Who would dispute that boomers have been the worst generation ever? The greediest, most wasteful, most indulged, most sociopathic. They’ve made life economically arduous for Millennials, and almost futile if you look at things from an environmental perspective.
Eight years ago I read P.J. O’Rourke‘s “The Baby Boom: How it Got That Way and It Wasn’t My Fault and I’ll Never Do it Again.” That same year Reason‘s Nick Gillespie did a video interview with the libertarian O’Rourke during Freedom Fest 2014, and one of O’Rourke’s topics was about how today’s culture is much gentler for kids, or certainly less rough-and-tumble.
“Just this whole process of going through the baby boom’s history, I began to realize what a nicer society — kinder, more decent society — that we live in today than the society when I was a kid. I don’t think my ten-year-old boy has ever been in a fist fight. I mean there might be a little scuffling but I don’t think he’s has ever had that kind of violent confrontation that was simply part of the package when I was a kid.”
In my twelve years of primary education I got into one (1) schoolyard fist fight. It happened in seventh grade on a sunny spring day (or was it early fall?), on the edge of a baseball diamond. The other kid started it, but I fucking finished it.
It was over in less than a minute. Okay, 90 seconds. I took a few blows, but I kept punching and punching and actually knocked the guy down. The downside is that my hands were pretty swollen from all the hitting, and I think I may have gone to the family doctor to get my hands or wrists taped up.

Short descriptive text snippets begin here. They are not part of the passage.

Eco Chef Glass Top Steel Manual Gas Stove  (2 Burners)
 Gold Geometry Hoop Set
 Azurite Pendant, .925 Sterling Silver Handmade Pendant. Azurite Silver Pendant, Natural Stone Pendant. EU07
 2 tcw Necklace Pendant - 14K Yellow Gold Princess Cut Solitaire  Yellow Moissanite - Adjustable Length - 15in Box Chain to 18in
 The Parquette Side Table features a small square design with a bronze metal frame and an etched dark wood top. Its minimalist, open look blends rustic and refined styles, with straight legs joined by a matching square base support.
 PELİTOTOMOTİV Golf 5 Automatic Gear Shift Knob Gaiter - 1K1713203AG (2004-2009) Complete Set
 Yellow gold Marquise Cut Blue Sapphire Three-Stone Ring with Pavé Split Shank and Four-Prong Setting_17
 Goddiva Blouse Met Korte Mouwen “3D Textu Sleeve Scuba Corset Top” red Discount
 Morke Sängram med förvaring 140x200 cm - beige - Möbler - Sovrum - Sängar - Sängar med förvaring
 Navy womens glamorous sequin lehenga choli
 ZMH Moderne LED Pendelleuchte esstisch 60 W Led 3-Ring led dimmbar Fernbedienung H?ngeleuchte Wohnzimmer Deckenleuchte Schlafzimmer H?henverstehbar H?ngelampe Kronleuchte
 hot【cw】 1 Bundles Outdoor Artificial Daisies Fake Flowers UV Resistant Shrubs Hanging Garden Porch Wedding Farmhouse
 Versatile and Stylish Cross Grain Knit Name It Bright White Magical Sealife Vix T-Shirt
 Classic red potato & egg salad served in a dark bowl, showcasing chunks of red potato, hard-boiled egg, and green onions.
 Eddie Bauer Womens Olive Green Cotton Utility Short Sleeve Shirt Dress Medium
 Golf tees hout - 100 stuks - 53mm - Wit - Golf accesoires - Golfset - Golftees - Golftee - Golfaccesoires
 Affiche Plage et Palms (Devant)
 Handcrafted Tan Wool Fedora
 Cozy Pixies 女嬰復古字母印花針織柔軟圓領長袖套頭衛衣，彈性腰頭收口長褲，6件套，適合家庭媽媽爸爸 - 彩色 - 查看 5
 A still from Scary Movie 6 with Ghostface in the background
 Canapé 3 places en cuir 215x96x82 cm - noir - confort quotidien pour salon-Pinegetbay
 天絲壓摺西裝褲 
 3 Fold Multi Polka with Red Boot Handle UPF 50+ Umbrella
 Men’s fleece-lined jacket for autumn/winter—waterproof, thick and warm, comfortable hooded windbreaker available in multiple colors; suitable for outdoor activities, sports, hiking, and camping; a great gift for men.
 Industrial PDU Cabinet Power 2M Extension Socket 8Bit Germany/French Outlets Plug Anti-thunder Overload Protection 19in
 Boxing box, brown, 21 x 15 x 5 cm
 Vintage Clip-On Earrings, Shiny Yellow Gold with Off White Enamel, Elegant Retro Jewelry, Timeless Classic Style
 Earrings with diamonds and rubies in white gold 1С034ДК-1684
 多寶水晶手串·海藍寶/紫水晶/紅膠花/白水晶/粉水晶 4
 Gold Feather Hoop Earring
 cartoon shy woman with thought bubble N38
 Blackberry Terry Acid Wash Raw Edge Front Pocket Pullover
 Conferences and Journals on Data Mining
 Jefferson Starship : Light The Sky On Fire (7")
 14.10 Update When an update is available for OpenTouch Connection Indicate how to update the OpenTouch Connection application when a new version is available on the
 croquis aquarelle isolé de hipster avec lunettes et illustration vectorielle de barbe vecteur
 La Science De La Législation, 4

I once came upon a pair of eight- or nine-year-olds beating up Jett. It was near the end of a school day, during some kind of outdoor recess. He was crying and crouching against a concrete wall, and his two attackers were standing over him. I stopped it, of course, and went over to the teachers who were presiding and explained what had happened. They in turn told the mothers of the two attackers, and subsequently those mothers really read the riot act to their boys.